"The Australian government views the sale of its minority 13% share as being in the interests of Australian taxpayers, and consistent with our strong support for the privatisation of government-owned electricity generators and increased competition in the electricity market, particularly in NSW," Senator Minchin said.
This move follows the NSW government’s decision last December to sell its 58% equity in the scheme.
NSW plans to sell its majority stake in Snowy Hydro Ltd through a sharemarket float and spend the money paying down debt.
Based on recent sell-offs of hydroelectic assets, NSW’s equity in the scheme is probably worth almost $2 billion, while the federal government's stake could be worth about $375 million.
While NSW and the federal governments are selling out, the Victorian government has yet to decide what to do with its 29% stake, which could fetch almost $1 billion.
Victoria has said it would want reassurances that its water rights would be safeguarded before it agreed to sell its stake.
But it can do little to protect these rights while holding less than a third of the project. Whether Snowy Hydro is privatised or in public hands, the 58% now held by NSW confers control of the scheme.
Last week, Victorian Premier Steve Bracks appealed to the NSW government to reverse a decision on water flow to the Snowy River.
The scheme has began diverting water which had been flowing down the Mowamba River into the Snowy.

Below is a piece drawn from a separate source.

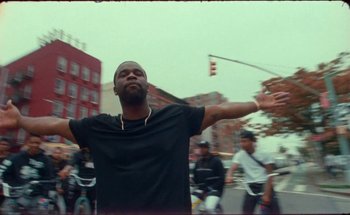 Movie still from “A$AP Ferg - Floor Seats” (2019), directed by Valentin Petit – Medium shot, Low angle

The water will now flow through a aqueduct into the Jindabyne dam from where they will be released into the Snowy.
Bracks said the flows were crucial to the Snowy's health and he wanted the water still flowing naturally from the Mowamba into the Snowy until further environmental studies had been completed.
But Minchin tried to allay concerns, saying the federal government would discuss issues relating to irrigation water users with the NSW Government and Snowy Hydro.
Rules on the water rights of downstream users, regulating and securing water flows, were drawn up in 2002 when the Snowy Hydro scheme became a corporation.
"These obligations will not be altered by privatisation and will continue to offer security for irrigators in the Murray and Murrumbidgee river systems, and for environmental flows in the Murray, Snowy and other rivers," Minchin said.
"A change of ownership will not affect these obligations or the rights of downstream water users in NSW, Victoria or South Australia."